RE: Was pi invented or discovered?
March 13, 2013 at 9:54 pm
(This post was last modified: March 13, 2013 at 9:56 pm by Anomalocaris.)
(March 13, 2013 at 8:36 pm)Tiberius Wrote: This one should be easy to answer. It was invented, like most (if not all) of mathematics. Various reasons:
1) Pi is a number; numbers don't "exist" in the physical world; they only exist in mathematics, which is an invention of humanity. Now, granted physics is also an invention of humanity, but physics at least is looking at the physical world and describing it. There is nothing in the physical world you can look at and say "that's a number 1" (though obviously you can use numbers when interpreting the real world..."there are 3 cows in the field", etc.)
2) Not only is Pi a number, it's an irrational number, which means it's infinitely long (among other things). You don't get infinities in the real world (as far as we know), so there is no way for Pi to exist in the real world. Even we can't calculate the true value of Pi, since we don't have enough material / energy in the universe to do it.
3) Slightly related to point 2. Pi is generated by taking the circumference of a circle and dividing it by it's diameter. Sounds easy to replicate in real life right? Well, it's not. Circles are "a shape of Euclidean geometry that is the set of all points in a plane that are a given distance from a given point, the centre." That means that every point on the circle is the same distance from the centre as every other point. If this doesn't hold true, then you haven't got a perfect circle; you've just got something that looks quite like a circle, without actually being one.

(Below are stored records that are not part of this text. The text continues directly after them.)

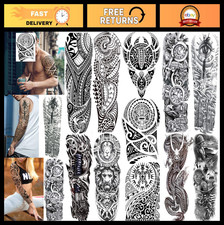 11 Sheets Maori Temporary Tattoo Sleeves for Men  Women - Waterproof Tribal Des
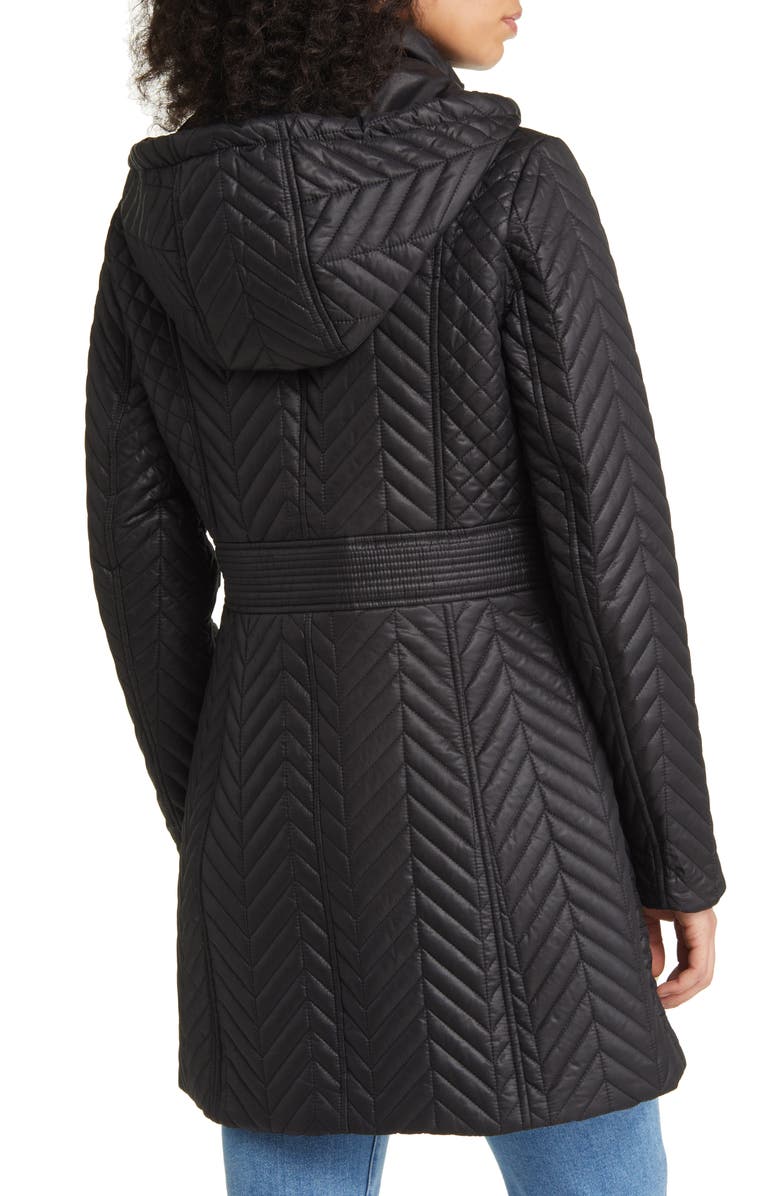 Via Spiga Herringbone Quilted Water Resistant Hooded Jacket, Alternate, color, 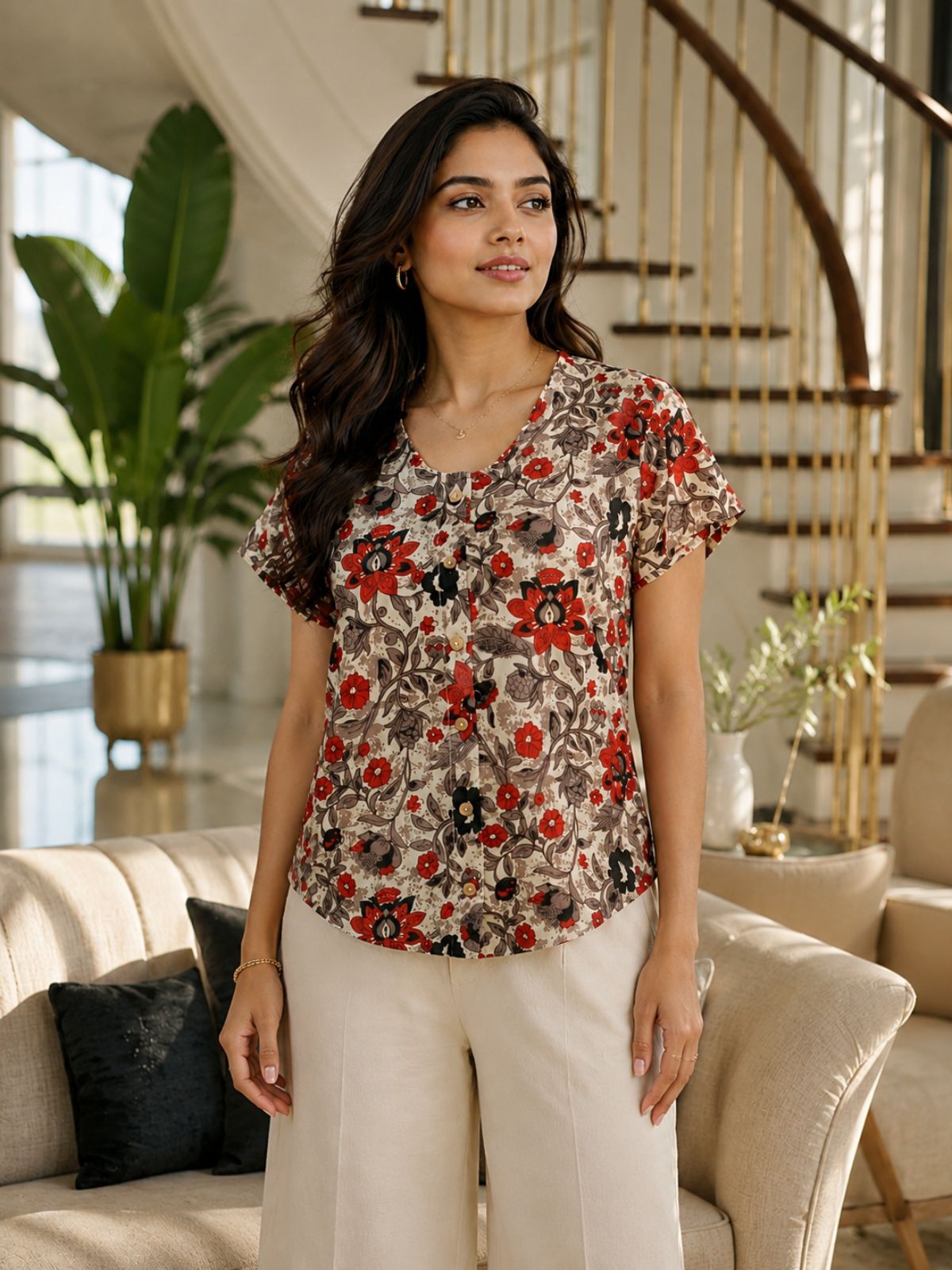 Jaipuri OffWhite Printed Cotton Top-012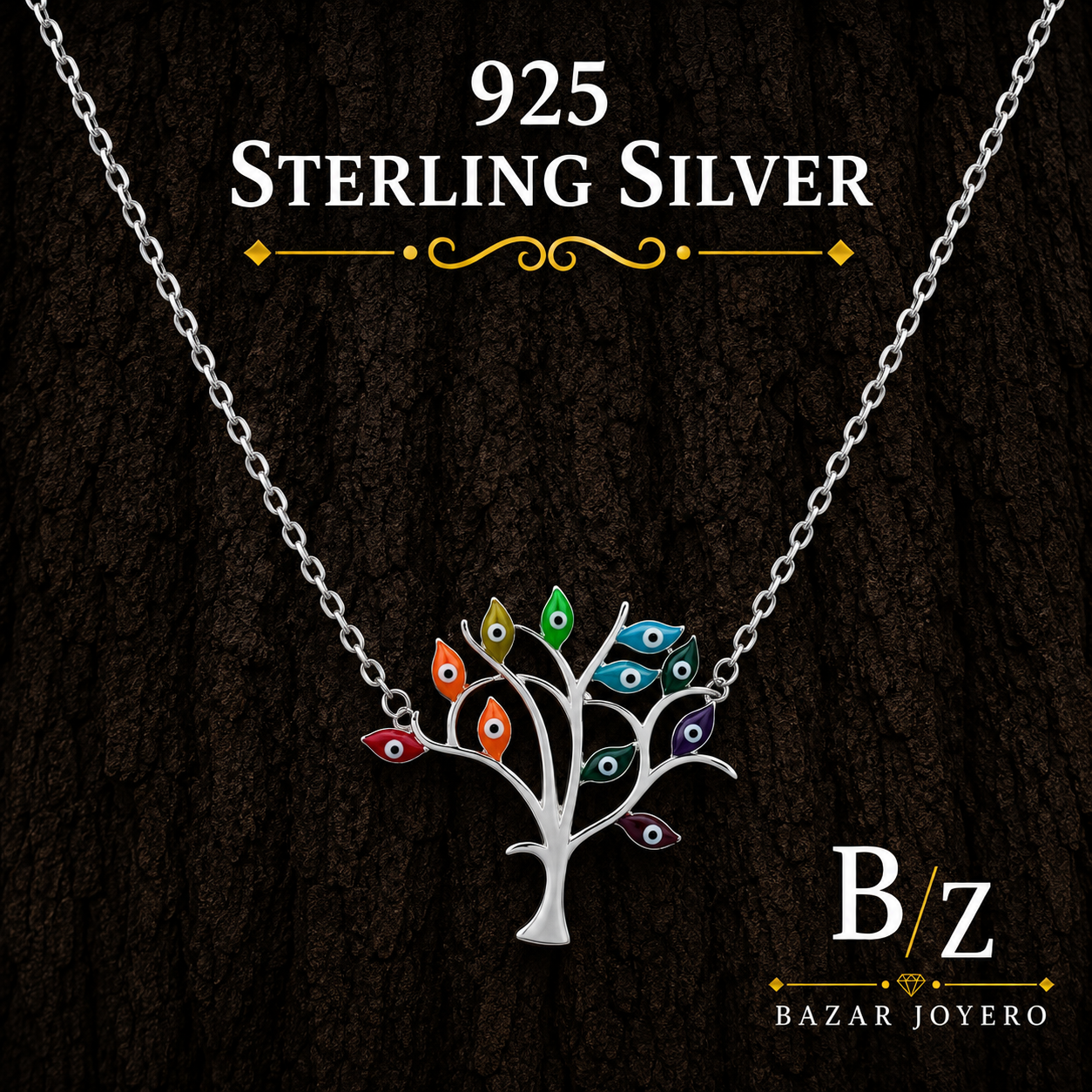 925 Sterling Silver Multicolor Evil Eye Tree Necklace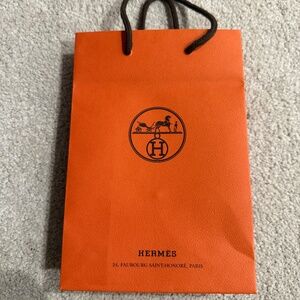 Authentic Hermes Orange Gift Paper Shopping Bag - Small - 8.5x6x3
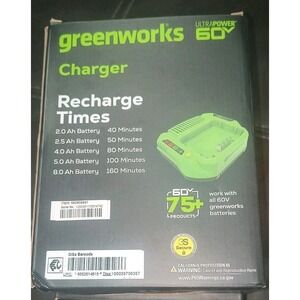 Greenworks Charger 60v Ultra Power 3 Amp All Batteries LED Indicator NEW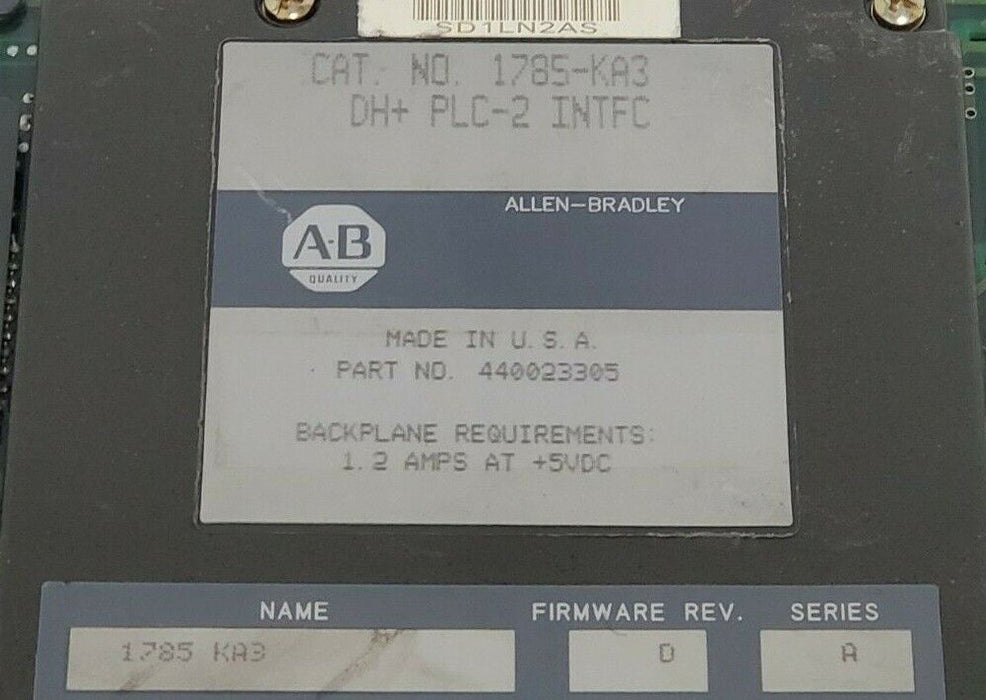 ALLEN-BRADLEY 1785-KA3 DH+ PLC-2 INTERFACE COMMUNICATION MODULE SER A, 440023305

Given the limitations of the universe again, it is impossible to construct a perfect circle. If you have two points next to each other, no-matter how small the distance between them, you can always find a point in between. This effectively means that the number of points in a perfect circle tends to infinity. At some point you will either reach the minimum length in the universe, or run out of stuff to construct your circle with. Either way, you have not been able to construct a perfect circle, and thus are not able to calculate the true value of Pi.
This is about as absurd as saying given the limits of the universe, it is impossible to construct a perfect vacuum, therefore speed of light in vacuum is not a property of the physical universe, but a invented number.
Nor is the rest any less absurd than that finding natural occurrences of two related properties in the universe to seem to converge on a irrational dimensionless multiplier, and claiming by its irrationality the relationship itself is thus an invention.